I’ve done a little searching but can’t find a clear official answer for this. I understand that when you do Beginner’s Luck in a Versus roll that you have to double the other guy’s successes to beat him.
But how does that work when doing something like a Suppressive Fire vs. Direct Fire action in a combat where the number of excess successes of the winner matter. I see two ways of handling it. In both of these examples the Suppressive Fire action is the Beginner’s Luck roll.
Double the Direct Fire successes and subtract the Beginner’s Luck roll normally. So Direct Fire rolls 5 successes and the Suppressive Fire rolls 3 successes meaning the Direct Fire action has 7 successes in total.

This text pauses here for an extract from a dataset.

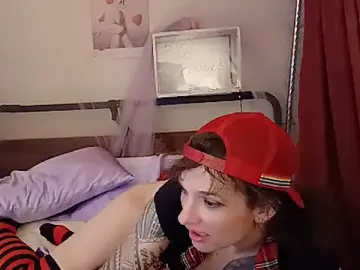 Stripchat Watch Live Sex Cams of cassiemichellexx
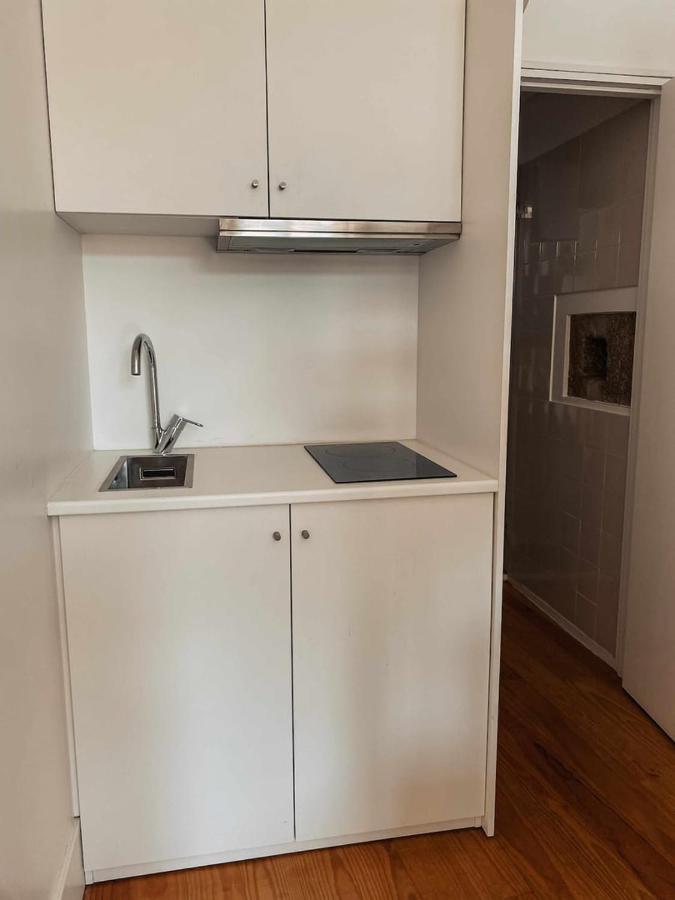 Studio with River View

Double the Direct Fire successes only for purposes of determining the Obstacle and only successes over the doubled value subtract from the original Direct Fire roll.

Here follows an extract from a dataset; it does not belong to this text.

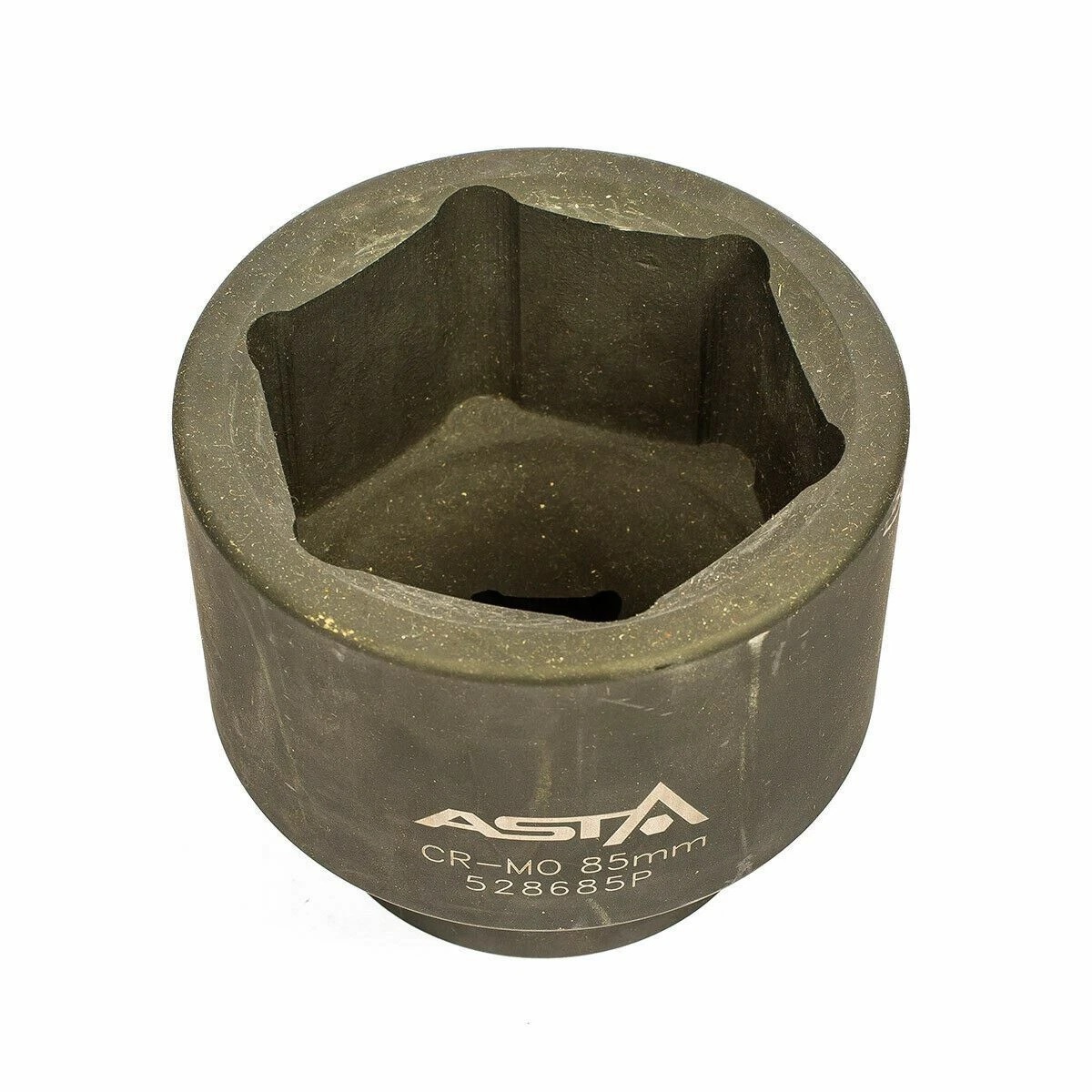 krachtdop 85mm - deep impact - kracht dop - 1 duims - asta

Example A: Direct Fire rolls 5 success and the Suppressive Fire rolls 3 successes. Since the Beginner’s Luck roll didn’t make it over 10 the Direct Fire scores all 5 successes (but not 7 as in the first case).
Example B: Direct Fire rolls 5 success and the Suppressive Fire rolls a whopping 12 successes! Meaning the Direct Fire action wins by 3. I rolled 2 over the doubled obstacle and thus reduces the original Direct Fire action by 2.
We half the unskilled successes and round down fractions. So in the first example, DF has MOS 4 over SF. Same as your calculation, actually.
Or you can double the skilled successes against the unskilled and count it like that – if I’m skilled and I roll 5 successes, you need to get 10 successes to tie me.
Remember that this doubling doesn’t generate extra successes for the side that is skilled. If I roll skilled Direct Fire with 6 successes and you roll unskilled Suppressive Fire with 2 successes, I come out of the exchange with a net of 5 successes, not 10 (which would be brutal and cruel). When using the “double skilled successes” method, make sure you halve the MoS (of either side) after the fact, otherwise you’ll end up with wonky test results. I think you’ll also need to round fractions up if the skilled person succeeds and round down if the unskilled person succeeds.
I like halving the unskilled successes before subtracting (Luke’s way really) for tests where MoS matters since it doesn’t have any weird math edge cases. When doing things where MoS doesn’t matter (a straight persuade-off for instance) I like to double the skilled successes before subtracting since it makes the math super extra easy and you never need to worry about rounding.
Yes. I see now.
Where Margin of Success matters it takes two unskilled successes to cancel one skilled success. That makes sense. Although I’m not exactly sure the book makes that clear.
Beginner’s Luck page 308 spells it out fairly clearly I think. The one thing I’m not sure of is if Beginner’s Luck MoS counts as full successes or half successes . For example, with the Direct Fire action, do you need an MoS of 1 or an MoS of 2 to buy a second shot opportunity for your squad?
That’s how we’ve been playing it (and the assumption I’d made when I answered above) but I realized afterwards that the language in the text could be interpreted either way, depending on if you consider it “using a success to do something” or if it it’s more of a post-roll modifier to your Ob. Thanks!